So what does the self-schooled author think differentiates Canadian deco from examples found in other places? "I think the deco period was especially good in Canadian architectural history for celebrating Canada; the earlier styles borrowed European or American precedents … and the Modern movement that followed was not interested in decoration," he answers. As an example, he points to the 1931 John M. Lyle Bank of Nova Scotia headquarters in Halifax, which has 86 different examples of Canadian plant and animal motifs carved into it by Ira Lake, and to Charles Comfort's bas-reliefs that adorn CN Rail's Central Station in Montreal, which "tell a tremendous story about everyday life in Canada."

While Mr. Comfort's work is still on view in Montreal (and at the former Toronto Stock Exchange), many of the buildings/carvings profiled in Mr. Morawetz's book have been lost to landfill. And certain architects, such as Robert Lyon, who designed Kelowna's 1937 concrete post office and Penticton's 1940 Municipal Hall, remain unsung heroes of the movement. Lyon's work, Mr. Morawetz says, "would be applauded as fine examples of art deco not just in Canada but on a U.S. or European scale" but, in small communities especially, "the art deco consciousness didn't arrive until too late" to save them.

The entry to Park Square Apartments in Ottawa.

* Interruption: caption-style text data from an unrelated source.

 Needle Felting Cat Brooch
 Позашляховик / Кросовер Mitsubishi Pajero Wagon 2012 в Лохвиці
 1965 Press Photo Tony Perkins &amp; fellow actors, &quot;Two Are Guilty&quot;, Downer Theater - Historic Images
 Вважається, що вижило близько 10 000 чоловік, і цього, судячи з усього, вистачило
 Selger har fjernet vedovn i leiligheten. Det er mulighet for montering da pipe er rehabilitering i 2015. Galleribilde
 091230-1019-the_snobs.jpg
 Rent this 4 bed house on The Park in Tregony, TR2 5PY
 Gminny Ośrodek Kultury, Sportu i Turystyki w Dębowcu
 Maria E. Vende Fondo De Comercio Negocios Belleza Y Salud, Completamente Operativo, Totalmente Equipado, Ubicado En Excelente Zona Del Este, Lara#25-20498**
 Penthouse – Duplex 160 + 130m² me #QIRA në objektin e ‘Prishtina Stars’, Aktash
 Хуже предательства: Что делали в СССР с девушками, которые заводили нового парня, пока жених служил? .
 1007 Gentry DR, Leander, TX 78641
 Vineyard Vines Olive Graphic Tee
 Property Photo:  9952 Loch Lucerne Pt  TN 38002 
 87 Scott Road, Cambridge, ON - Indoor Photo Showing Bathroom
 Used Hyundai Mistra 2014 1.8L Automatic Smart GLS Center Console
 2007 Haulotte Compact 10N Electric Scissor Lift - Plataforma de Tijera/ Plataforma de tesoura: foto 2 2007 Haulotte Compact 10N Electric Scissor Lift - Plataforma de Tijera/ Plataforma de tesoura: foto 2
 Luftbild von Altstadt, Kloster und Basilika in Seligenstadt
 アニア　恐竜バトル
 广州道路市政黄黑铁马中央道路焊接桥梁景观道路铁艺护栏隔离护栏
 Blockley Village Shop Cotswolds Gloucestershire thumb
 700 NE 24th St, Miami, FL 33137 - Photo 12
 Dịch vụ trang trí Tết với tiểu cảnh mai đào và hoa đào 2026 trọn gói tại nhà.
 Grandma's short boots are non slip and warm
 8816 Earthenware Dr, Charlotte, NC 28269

Perhaps that's because we Canadians, then as now, struggle with the fine line between pride and braggadocio, so we choose to to keep quiet instead: let the Americans trumpet Miami and the New Zealanders drum up interest in Napier. Unfortunately, in the world of architectural preservation, keeping quiet is akin to a death sentence.

Mr. Morawetz's thoroughly researched book, however, is a loud and confident voice that will add to the preservationist's toolkit: a talisman to keep the wrecker's ball at bay for a few more, precious decades.